Юстин в «Эпитоме», опираясь на исторические труды Помпея Трога, называет Антиопу Ипполитой и говорит, что, как только Орифия узнала о войне против своих сестер и о том, что похититель Ипполиты – глава афинян, она стала призывать своих воинственных спутниц к справедливому мщению. Она так же обратилась за помощью к скифскому царю Сагиллу, напомнив, что амазонки происходят от скифов. Сагилл, стремившийся прославить свой народ, послал на помощь царице амазонок своего сына Панасагора с большим конным войском.

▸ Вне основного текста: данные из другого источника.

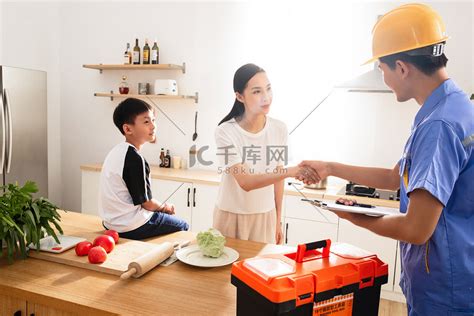 家庭维修服务高清摄影大图-千库网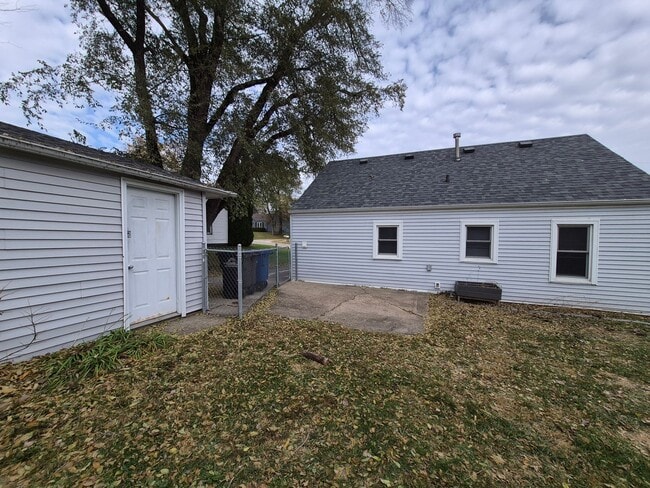 Building Photo - 2 bedroom home with 1+ car garage, pet friendly!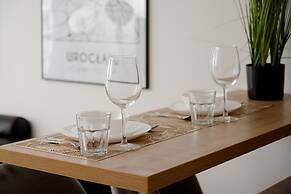 Apartment Dmowskiego by Renters Prestige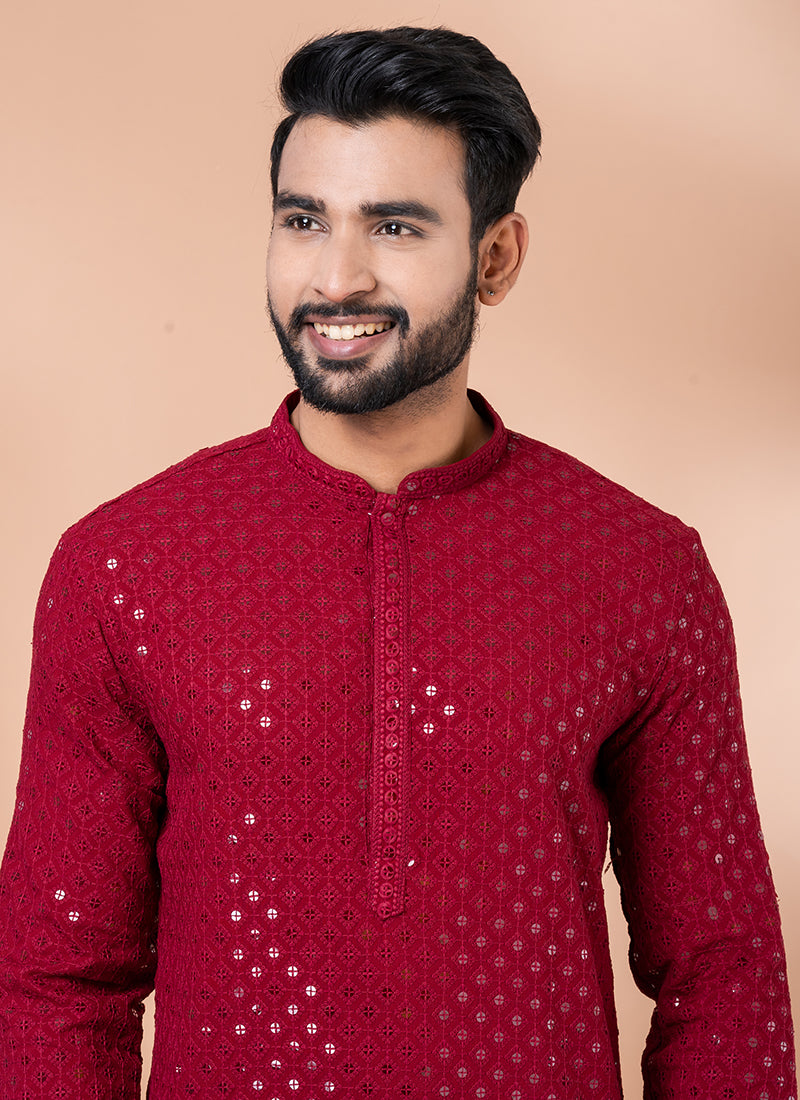 Red Light Embellished Kurta Pyjama (kopie)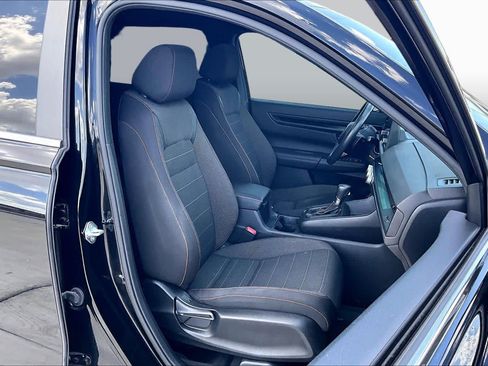 Used 2023 Honda CR-V Sport image 9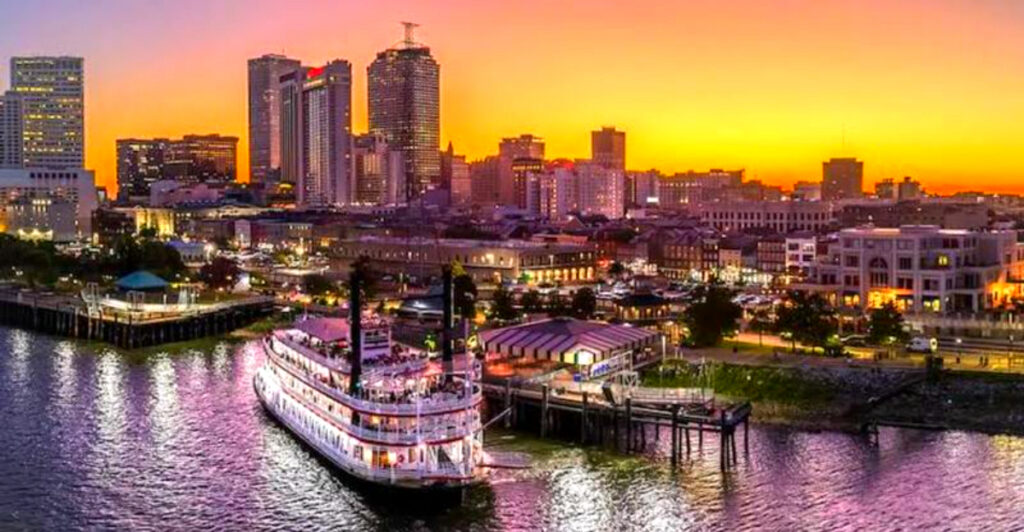 18 U.S. Cities That Look Best at Sunset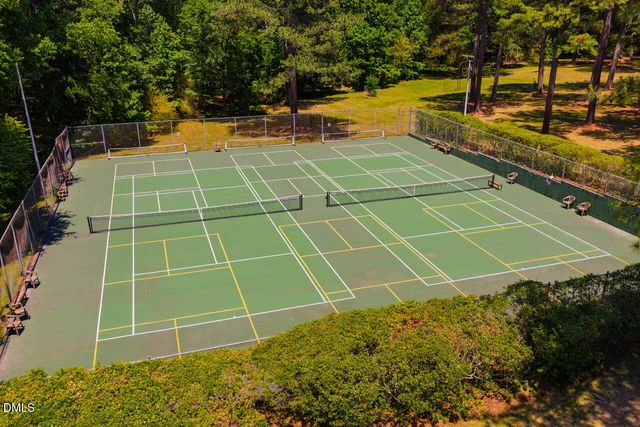 2 Foxridge Road, Chapel Hill, NC 27514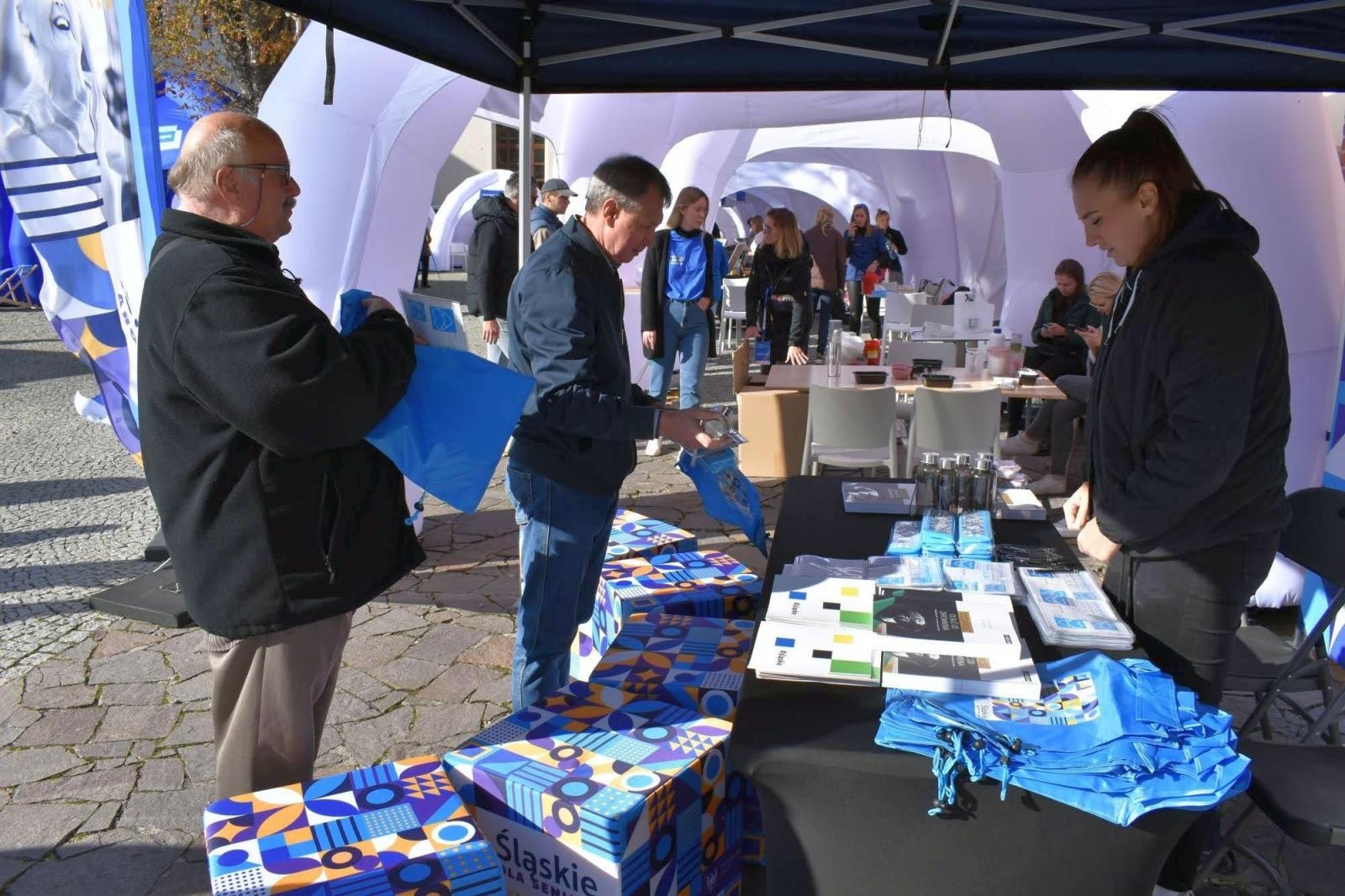 Zdjęcie w galerii na portalu naszraciborz.pl: Fundusze Europejskie. Nowa Energia! Tak było na pikniku na zamku wiadomości z regionu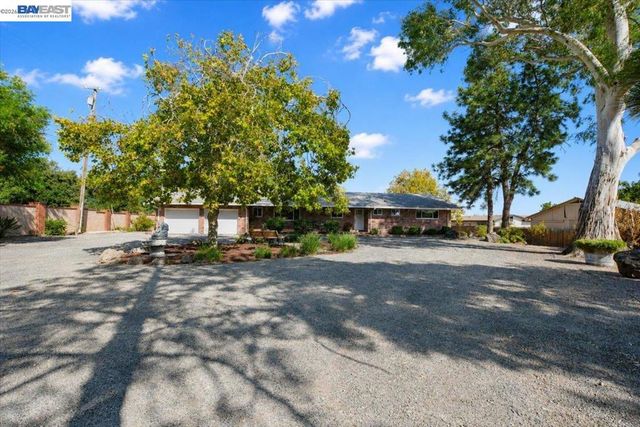 3360 Doyle Rd, Oakley, CA 94561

Дойдя почти без сопротивления до Афин, Орифия стала лагерем у самого Ареопага и совершила жертвоприношения в честь кровавого бога Ареса. Некоторые говорят, что, в связи с этим событием холм и получил свое название, хотя общеизвестно, что Ареопагом холм стал назваться после суда олимпийских богов над Аресом за убийство Галиррофия, пытавшегося изнасиловать его дочь от Агравлы Алкиппу.

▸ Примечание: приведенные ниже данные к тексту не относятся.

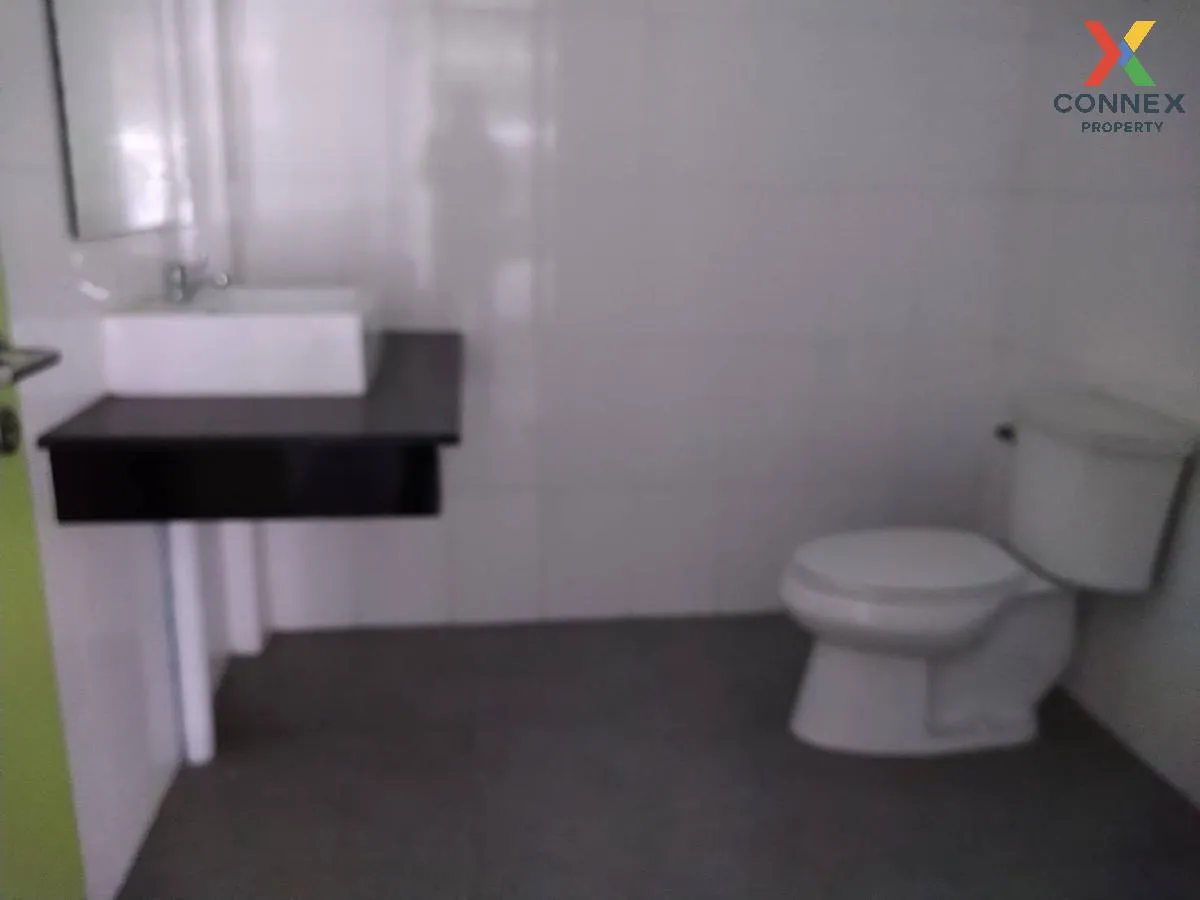 For Sale Commercial Building. Nakhon Pathom  , high floor , wide 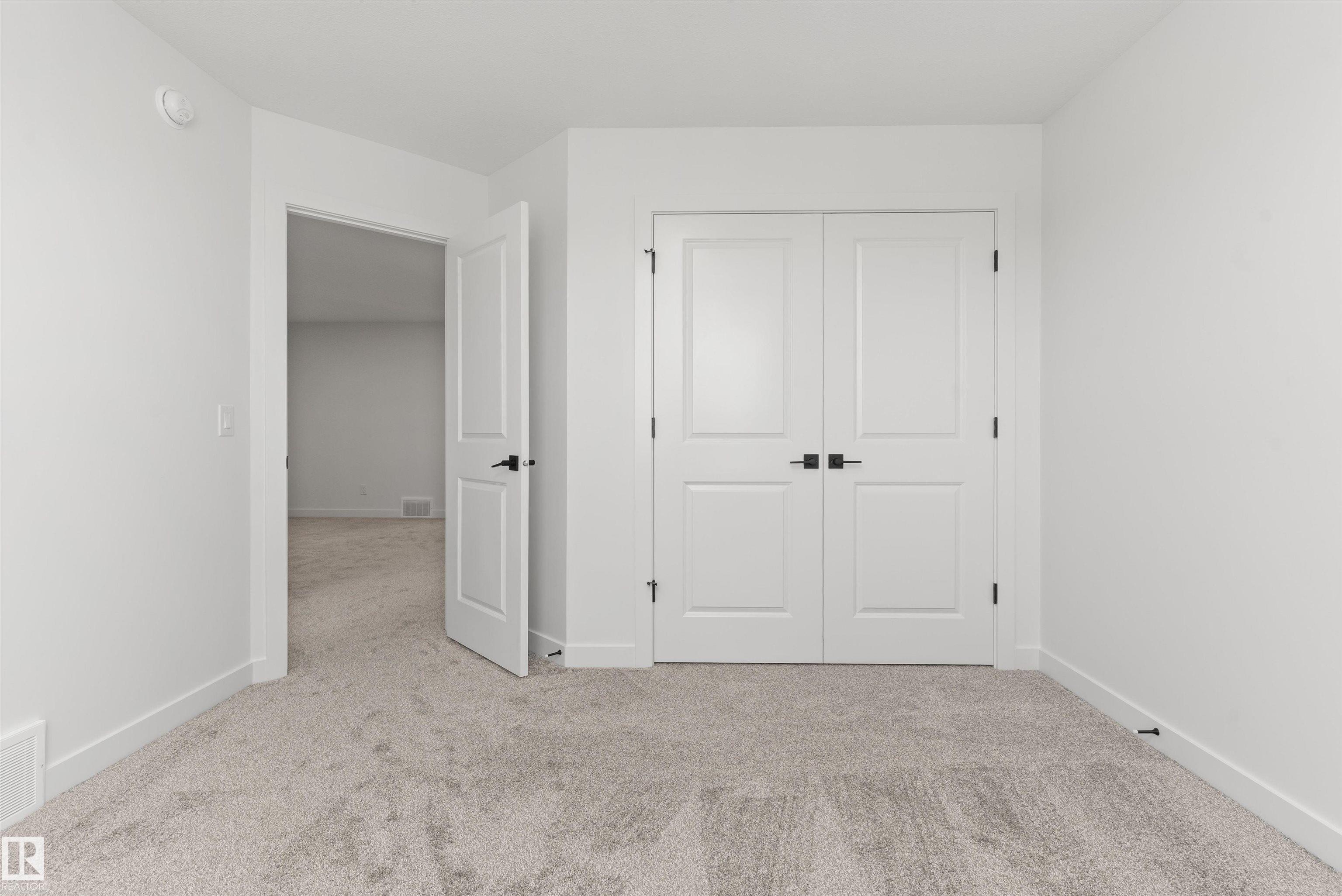 https://zimg.paragon.ice.com/ParagonImages/Property/PM/RAE/225393002/24/0/0/29e0bb24da4bba81d3a88b08ca5de038/1/93277d28cc26c6e55feeefe531e2f9ef/225393002-47bbbca2-ee00-4223-8d32-d33021bc8fe4.JPG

Диодор Сицилийский говорит, пока Геракл был занят другими деяниями, уцелевшие амазонки, собрав свои силы у реки Фермодонта, попытались воздать эллинам за зло, которое причинил им поход Геракла. Наиболее же сильную ненависть питали они к афинянам по той причине, что Тесей увел в неволю предводительницу амазонок, которую звали Антиопой, а по мнению некоторых писателей – Ипполитой. Вступив в союз со скифами, амазонки собрали внушительные силы, с которыми предводительницы амазонок переправились через Боспор Киммерийский и прошли по Фракии. Пройдя значительную часть Европы, амазонки вторглись в Аттику и разбили стан в том месте, которое в память о них называется ныне Амазонием.

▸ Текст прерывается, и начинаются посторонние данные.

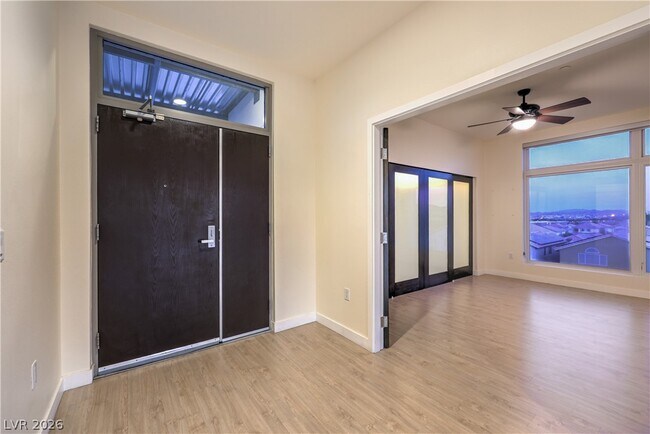 Building Photo - 8925 W Flamingo Rd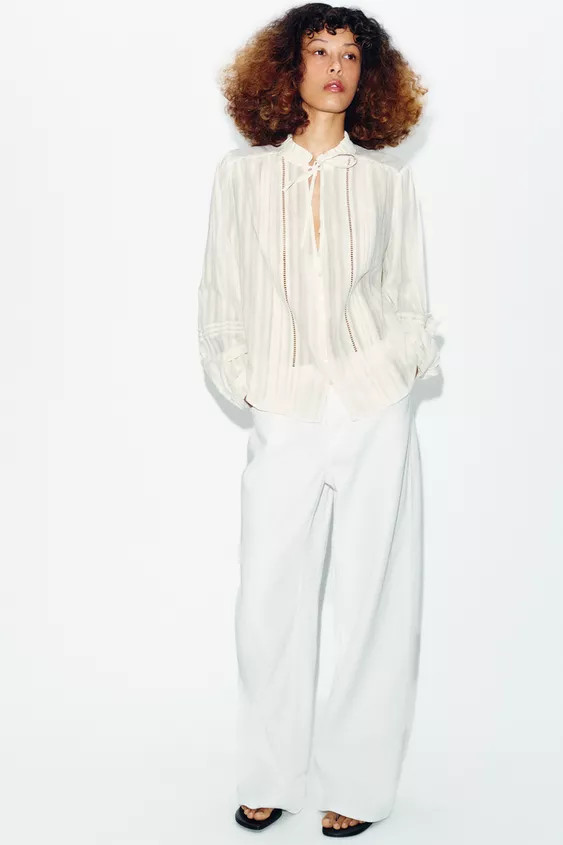 ROMANTIC LACE INSERT BLOUSE | Zara US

Согласно «Тесею» Плутарха, амазонки разбили лагерь в самих Афинах, но сначала овладели всей страной и подступили безбоязненно к городским стенам. Они, как сообщает Гелланик, пришли в Аттику, перебравшись через Боспор Киммерийский по льду, а о том, что они стояли лагерем почти в Акрополе, свидетельствуют названия многих мест и могилы павших. Долгое время обе стороны медлили, не решаясь начать сражение, но, в конце концов, Тесей, следуя какому-то прорицанию, принес жертву сыну и спутнику бога войны Ареса Деймосу (ужас) и ударил на противника. Битва происходила в месяце боэдромионе, в память о ней и справляют афиняне праздник Боэдромии. Историк Клидем, стараясь быть точным во всем, сообщает, что боевое левое крыло амазонок растянулось до нынешнего Амазония, правым же они надвигались на Пникс вдоль Хрисы. С правым крылом афиняне и завязали бой, спустившись с Мусея, и могилы убитых находятся на улице, ведущей к воротам подле святилища героя Халкодонта, которые ныне зовут Пирейскими. В этой схватке афиняне отступили перед воинственными женщинами и были уже у храма Эвменид, когда другой их отряд, подоспевший от Палладия, Ардетта и Ликея, отбросил амазонок до самого их лагеря, нанеся им существенные потери. На четвертом месяце войны противники заключили перемирие благодаря посредничеству Антиопы (Ипполиты). Рассказывают, что раненых амазонок Антиопа тайно переправила в Халкиду, и там они получили необходимый уход, а убитые были похоронены близ места, теперь именуемого Амазонием. Но о том, что война завершилась мирным соглашением, свидетельствует и название соседствующего с храмом Тесея Горкомосия, и жертвы, которые в древности приносили амазонкам накануне Тесей. Гробницу амазонок показывают у себя и мегаряне по дороге от площади к так называемому Русу, там, где стоит Ромбоид. Сообщают также, что иные амазонки скончались близ Херонеи и были преданы земле на берегу ручья, который когда-то именовался Фермодонтом.